Dr Suess Mulberry Street Perseverance

The manuscript was rejected by 27 publishers. Dr. Seuss was about to burn it when a classmate from Dartmouth, who was new to the children’s book business, bought it. By the time it was published, in 1937, the author was 33.

On the 75th anniversary of the publication of And to Think That I Saw It on Mulberry Street, Dr. Suess’s first children’s book. Persevere, creative types!

Quote from the NY Times article Mulberry Street May Fade, but ‘Mulberry Street’ Shines On, which investigates the real-life eponymous street in Springfield, Mass., for evidence that the city shaped Suess’s creative works.

October 20, 2010 permalink

Physicist’s Goodnight Moon

What happens when a physicist considers the passage of time in Goodnight Moon?

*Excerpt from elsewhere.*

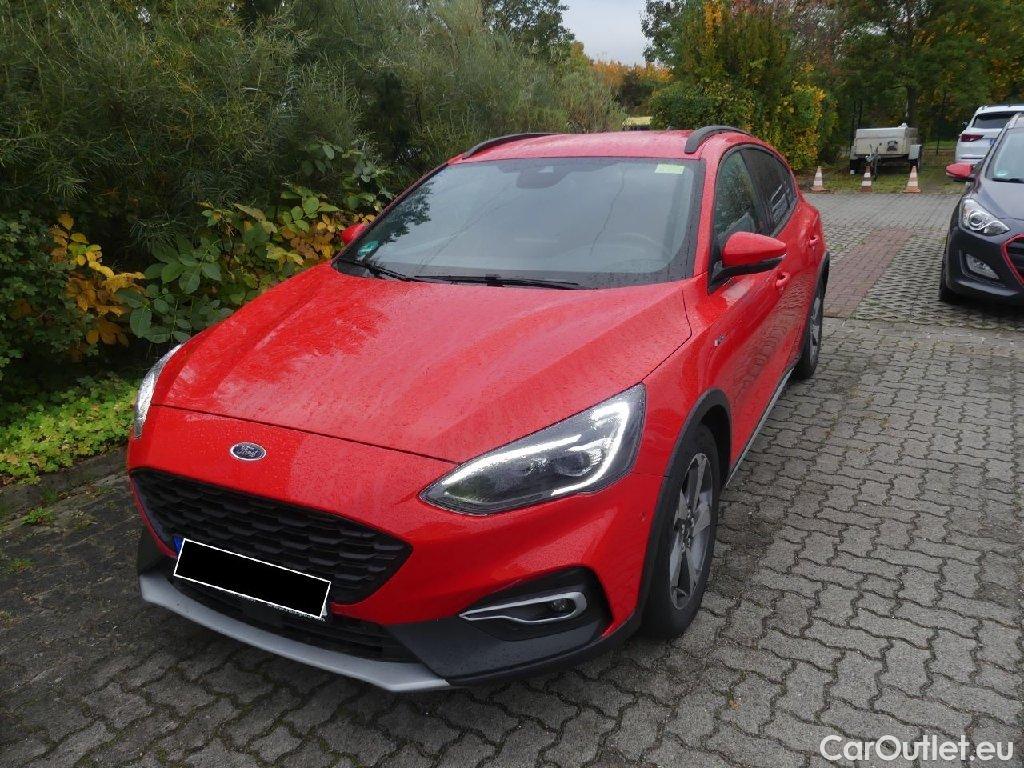 Ford  Focus  Lim. Active X 2.0 EcoBlue 110KW MT6 E6d #1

Chad Orzel, physics professor and blogger, attempts to measure it using the illustrated passing of the moon versus the wall clocks:

These two methods clearly do not agree with one another, which means one of two things: either I’m terribly over-analyzing the content of the illustrations of a beloved children’s book, or the bunny’s bedroom is moving at extremely high velocity relative to the earth, so that relativistic time dilation makes the six-minute rise of the moon appear to take an hour and ten minutes. Calculating the necessary velocity is left as an exercise for the interested reader.